We look at the housing demand/supply balance two ways:
- The need for more construction. Since the US has been adding more than two new jobs for every home built for the last several years and there are less than 1.2 jobs per household, we will clearly need to start building more homes soon.
- Pressure on home price appreciation. Price appreciation is driven by the imbalance of demand (home buyers) and supply (home sellers). The best demand/supply measure for price appreciation is the months of supply of homes on the market. Over the last 31 years, home prices have appreciated 1% faster than inflation while there was an average of 7 months of supply of resale homes on the market. When supply was much lower, prices rose faster, and vice versa.
Weighing Supply and Demand
When a homeowner sells their home and buys another home in the same market, they don’t impact supply, since they add 1 and subtract 1 from the market. Detailed analysis may show that they are adding and subtracting supply from different price points and types of homes, but we won’t get that detailed in this analysis. What matters to the overall market are the many groups who are:
- Buyers only, who pull down supply
- Sellers only, who drive up supply
We identified six primary buyers-only categories and eight sellers-only categories. Categories 1 through 6 relate to each other, while categories 7 and 8 (banks and builders) are the big outliers that can cause supply to significantly outweigh demand. Since price appreciation historically exceeds inflation, the 6 buyer categories usually total more than the 8 seller categories. The categories that are currently lower than usual are red, and the categories that are currently higher than usual are blue.
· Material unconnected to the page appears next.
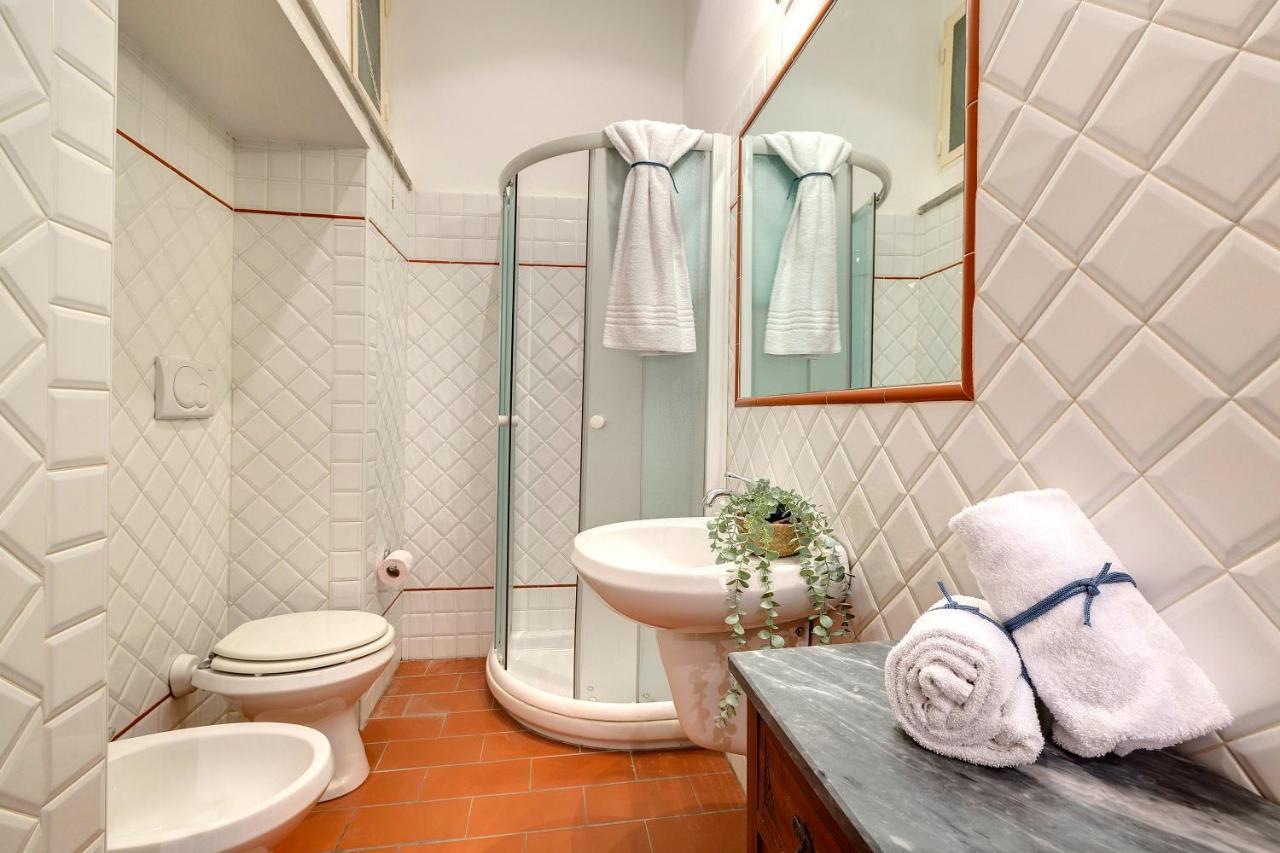 Vinegia N5 - Clemente & Settimo Apartments Firenze Bagian luar foto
- First-time buyers, most of whom were previously renters
- New migrants and immigrants to an area who choose to buy right away
- Second-home buyers
- Move-up/move-down buyers who choose to buy a home while keeping their prior home as an investment
- Investor buyers, including fix and flip buyers, foreign investors, and private and institutional landlords
- End of lifers; estate sales or moving to retirement homes or in with their kids
- Newlyweds who were both previously homeowners, so they sell one house
- Out-migrants to other areas, often attracted by better job prospects
- Second-home sellers
- Homeowners who choose to convert to renters
- Investor sellers, including fix and flip buyers, foreign investors, and private and institutional landlords
- Banks, as the final stage of a foreclosure or short sale
- Home builders
Let’s look at the imbalances of each category:
- First-time buyers usually greatly outnumber the number of people ending their tenure of homeownership.
- Divorcees often end up owning two homes, while newlyweds usually combine homes.
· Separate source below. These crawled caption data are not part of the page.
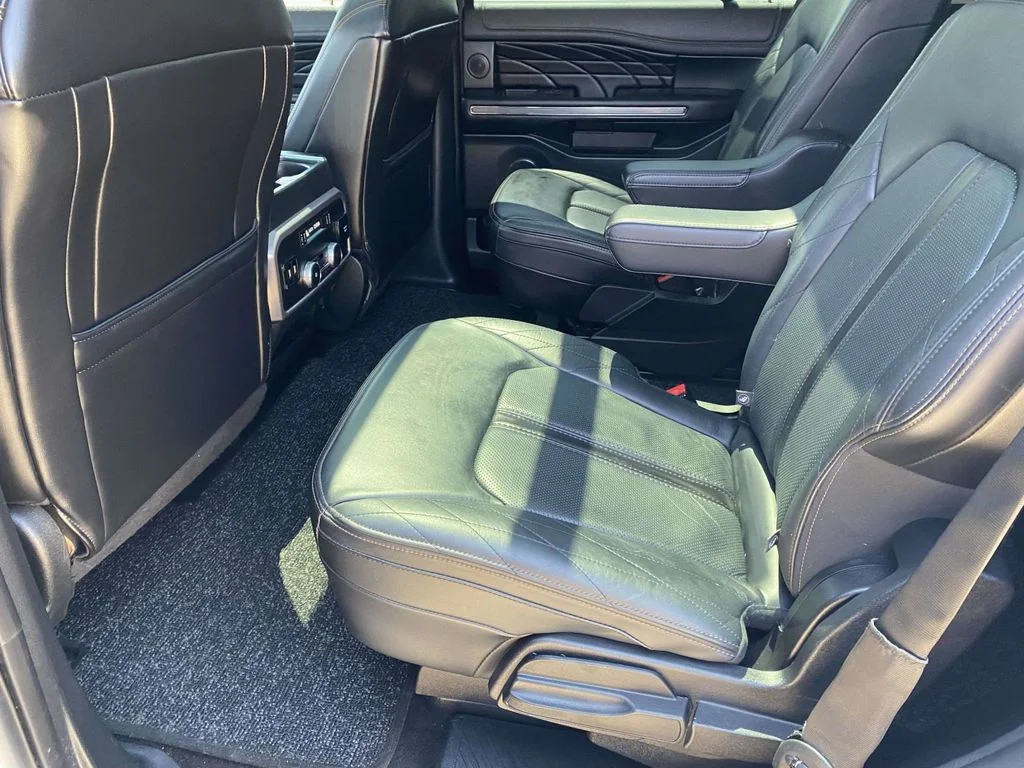 Used 2019 White Ford Platinum image 14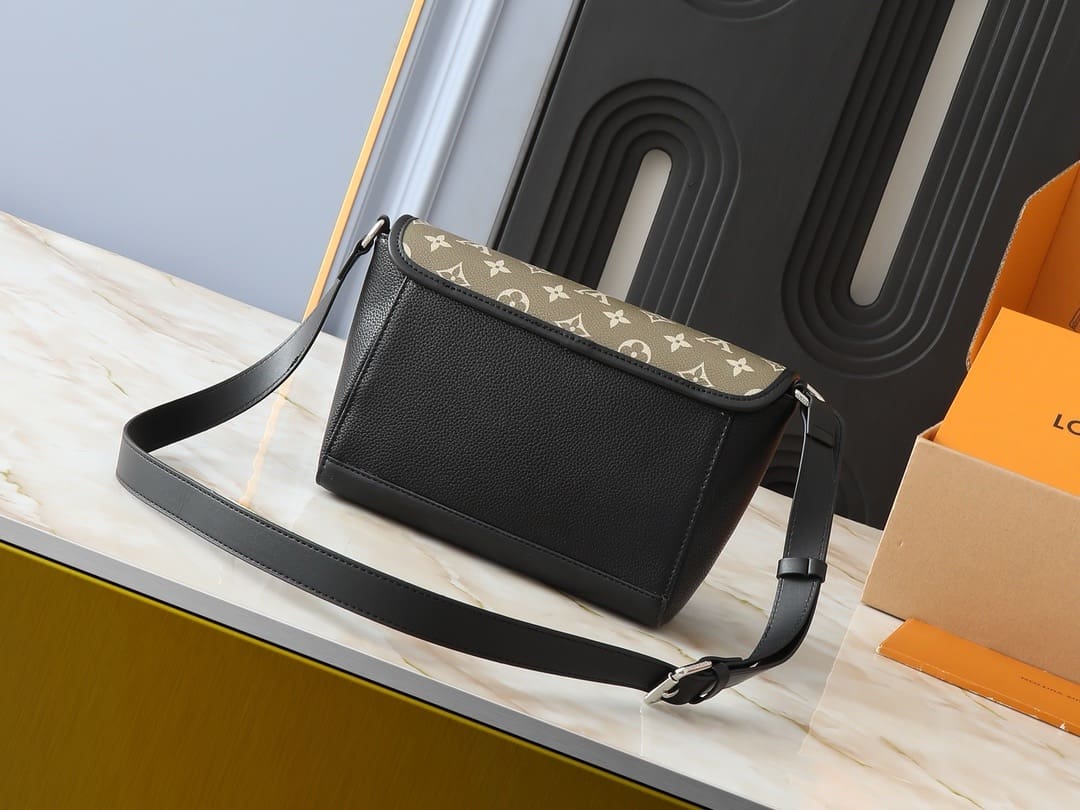 Louis Vuitton M12625 Pulse Messenger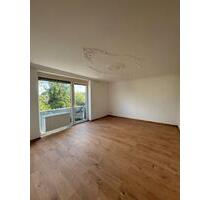 Modernisierte 3- Zimmerwohnung mit kleinem Balkon in Kohlscheid - Herzogenrath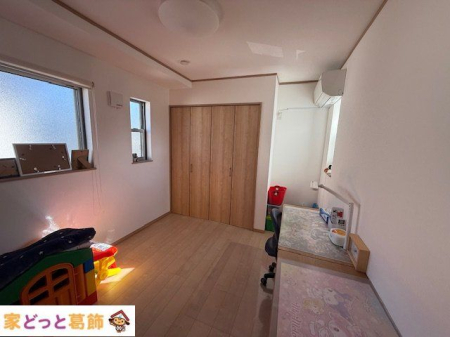 �q������ �q������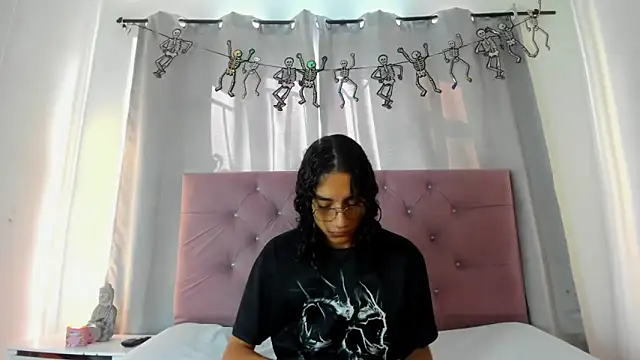 EthanBlackwoodd online show from November 25, 7:38 pm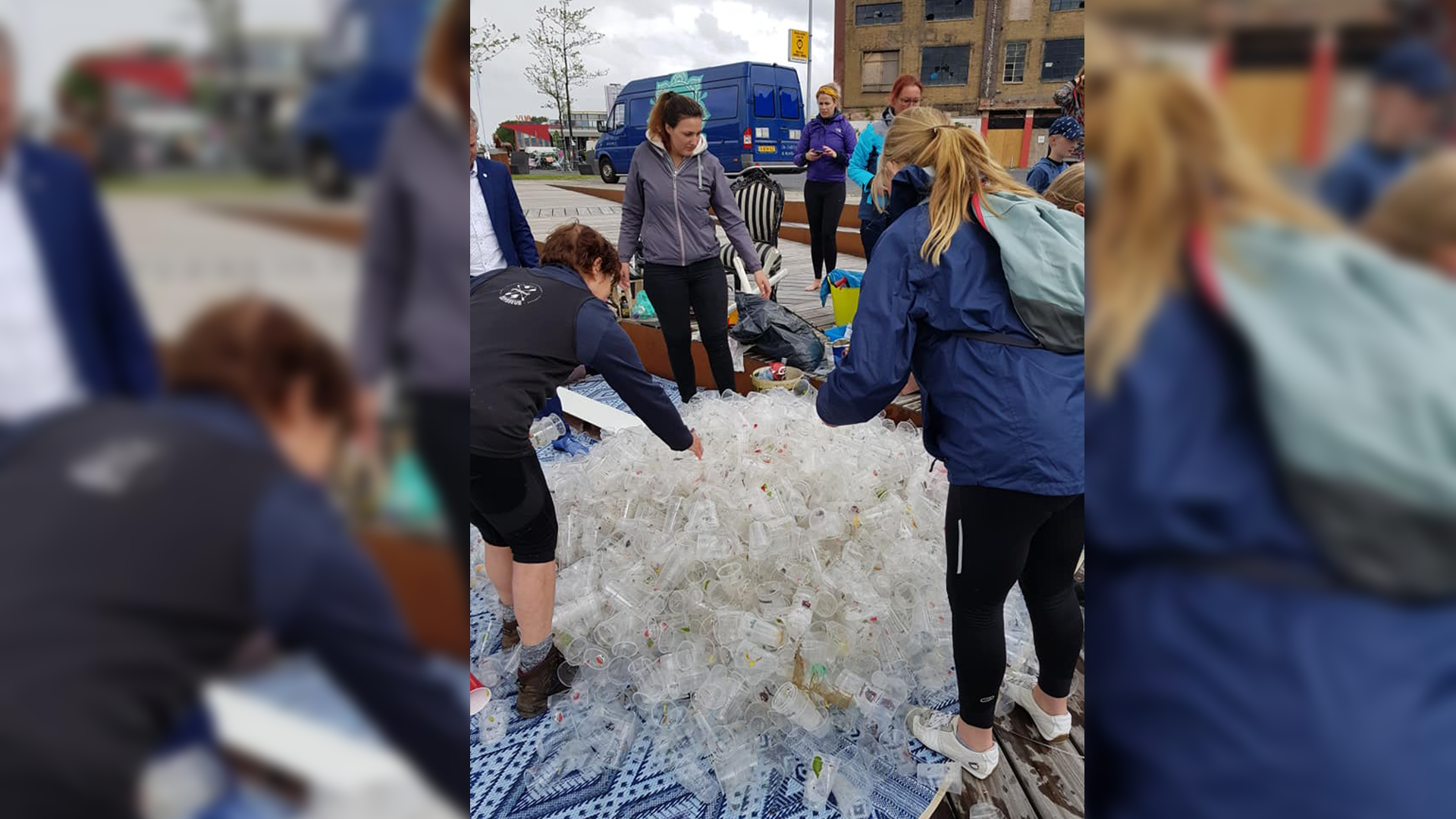 grote schoonmaak Alkmaarse grachten levert flinke stapel 'Koningsdagplastic' op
- Immigrants and in-migrants outnumber out-migrants.
- Second-home ownership has been steadily increasing over the years, due both to strong demographics in the 40+ age group and a rise in affluence. During slow economic times, however, sellers outnumber buyers.
- 14 million individually owned rental homes in the country are primarily owned by move-up buyers who chose to keep their original home rather than sell it, as well as investors. Few homeowners voluntarily convert to renters.
- Investors have increased in numbers recently, especially foreign investors and institutional landlords. Surges in investor buying and selling can have a huge impact on the market.
- Banks usually sell about 400K homes per year and have been selling 3 times as many lately.
- Home builders are always sellers only. This is a huge category, with 1 million+ new homes (excluding apartments) built in a usual year. High levels of new home construction can soften home price appreciation dramatically. Home builders act as the great equalizer because they can bring more supply to the market when demand warrants it.
How It Worked Recently
In 2011 through early 2013, prices rose because of:
- the tremendous influx of investor buyers
- a reduction in bank sales
- a significant lack of new home construction
This imbalance tipped the scales back toward more buyers than sellers, and homes began appreciating again. Months of supply (MOS) plunged from 12 to 4.5. When MOS crossed 7 in late 2011, prices shifted from falling to rising.
Last year, rising prices, rising mortgage rates, and reduced confidence all contributed to a reversal in the direction of months of supply, slowing the rate of price appreciation.
To project price appreciation, we weigh all the factors described above to form a conclusion. We try to be scientific with our economic growth, housing supply, affordability, and bank sales estimates, but we also have to make qualitative assessments on factors such as investor activity and mortgage rates.
Right now, we believe more buyers than sellers will result in another year of price appreciation in most markets. However, we see huge differences by market. We are carefully monitoring supply in Texas and affordability in California and projecting very different years in each market and submarket.